« Le projet de piste longue est essentiel pour Mayotte est devient chaque jour plus concret. Il y a des esprits chagrins pour dire que la mèche est rallongée et que le projet n’aura pas lieu, il aura lieu ». Le premier à balayer les inquiétudes s’appelle Damien Cazé, et n’est autre que le directeur national de l’Aviation civile (DGAC), arrivé à Mayotte ce week-end.

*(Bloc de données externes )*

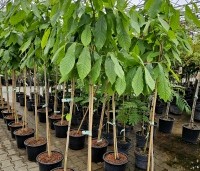 Asimina triloba - Pawpaw - 1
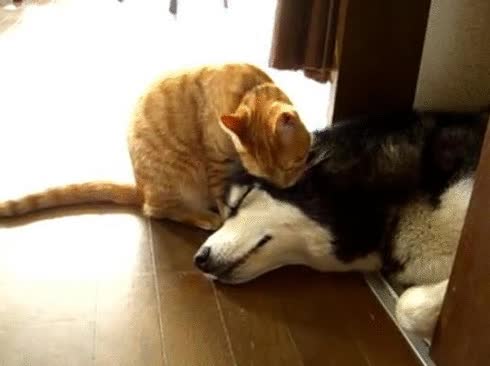 animales,gato,perro,lengua,lavar,dormido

Il est notamment venu pour inaugurer la « maison du projet ». Sise dans les anciens locaux de Mayotte Première à Pamandzi, cette maison ouverte à tous se présente comme un musée du chantier, avec des panneaux indiquant les échéances, les enjeux, et les avancées. Et si le directeur de la DGAC a tenu à venir en personne l’inaugurer, c’est que le chantier promis par Emmanuel Macron en 2019 est titanesque.
« C’est actuellement le plus grand projet d’aéroport porté par la France et l’Europe, c’est pour la DGAC un projet majeur, sans équivalent. Cela représente une équipe d’une centaine de personnes, dans les centres d’expertises et les bureaux d’études. Il faut des équipes, de l’argent, 3,2 millions d’euros sont déjà mobilisés par l’Etat et le CD, il faut aussi un homme qui chaque matin se réveille en se disant que c’est son projet, c’est Christophe Masson, qui installé à Mayotte sera à la fois le représentant de la DGAC, le porte parole du projet et l’interlocuteur. Il ne repartira que quand la piste sera construite. Il connaît le cap » assure Damien Cazé.

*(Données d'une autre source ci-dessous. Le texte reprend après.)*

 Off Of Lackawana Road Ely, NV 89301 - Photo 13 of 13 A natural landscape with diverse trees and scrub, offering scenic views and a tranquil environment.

Christophe Masson, de la DGAC, sera donc le « référent » du projet, et un « interlocuteur privilégié » pour les différents acteurs, au premier rang desquels le préfet.
« Moment charnière »
Mais alors que les études en sont au « moment charnière de la définition des besoins », le directeur veut aussi jouer la transparence. « Nous avons aussi souhaité que les Mahorais puissent être actifs dans ces étapes charnières. Nous proposons une information en continu avec des rdv tous les deux mois. Il faut que ce projet s’insère dans la vie locale. Si on ne prend pas ça à la racine, on va au devant de grandes difficultés » estime-t-il. Ainsi, « la maison du projet est donc un lieu que nous voulons central, l’objectif est d’offrir aux visiteurs l’accès le plus simple à l’information, en français et en shimaore ».

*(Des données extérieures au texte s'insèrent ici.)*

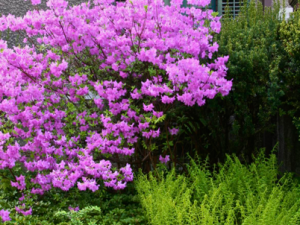 Photos of Azaleas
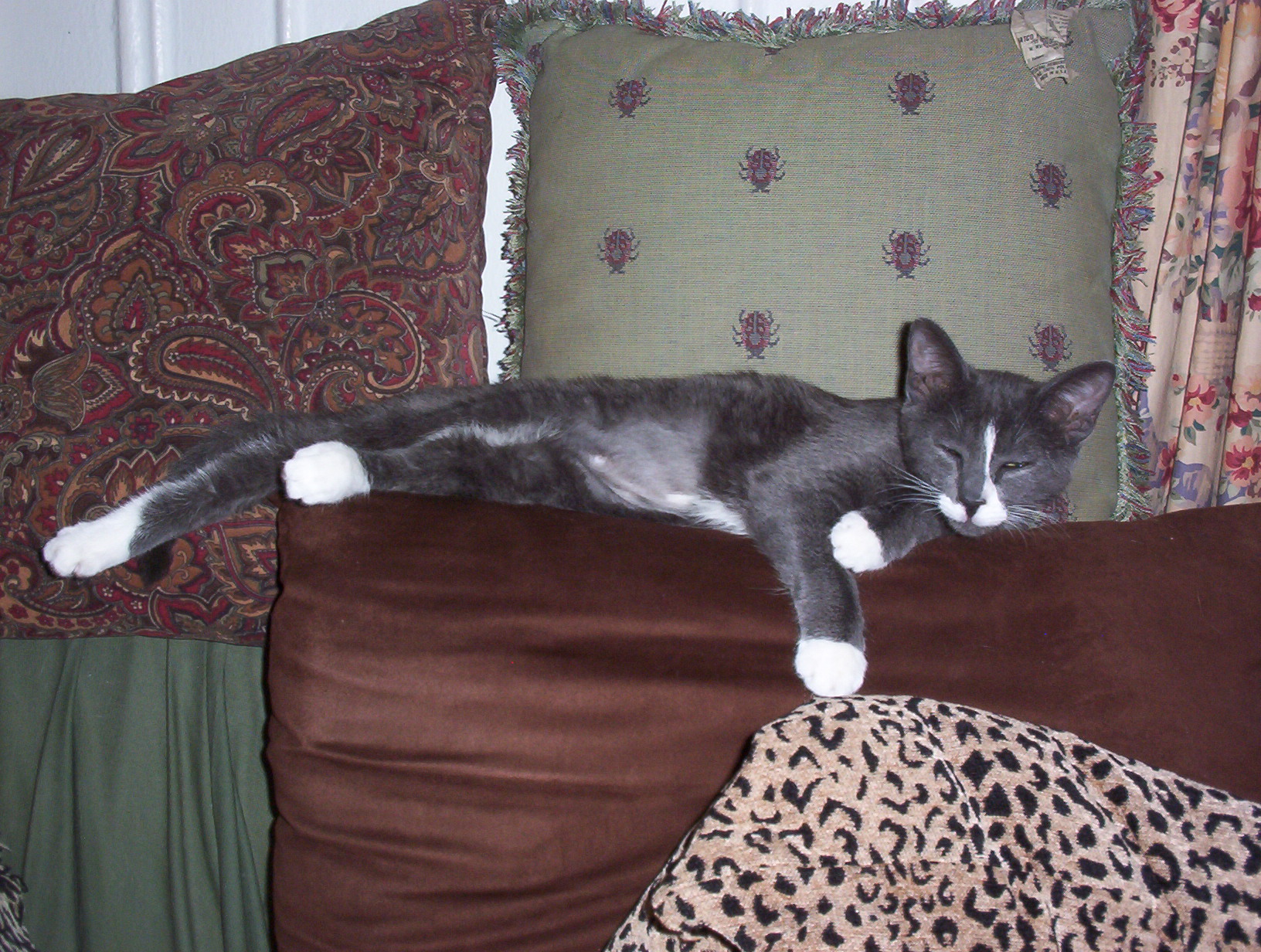 100_0531.jpg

Car de prime abord, le besoin paraît simple, il s’agit en premier chef « d’assurer une liaison de qualité entre Mayotte et la métropole ainsi qu’avec la région, toute l’année et par tous temps ».
Mais dans le détail, le préfet concède encore pas mal de « zones d’ombre », que les prochains mois devront permettre de lever. Damien Cazé pose quelques unes des questions en suspens. Parmi celles ci, quels sont les « risques naturels avec le nouveau volcan qui complexifie le projet, l’évolution des futures classes d’aéronefs, comment bien prendre en compte les enjeux liés à l’environnement, [car] rien ne serait pire qu’un projet qui serait fait en niant cet intérêt que nous avons tous. Enfin comment s’assurer de la disponibilité en matériaux. Ce n’est pas évident ici, ni ailleurs, rien que ça c’est des mois d’études. C’est tout l’objet des travaux préparatoires qui dureront jusqu’à mi 2022 » développe le directeur.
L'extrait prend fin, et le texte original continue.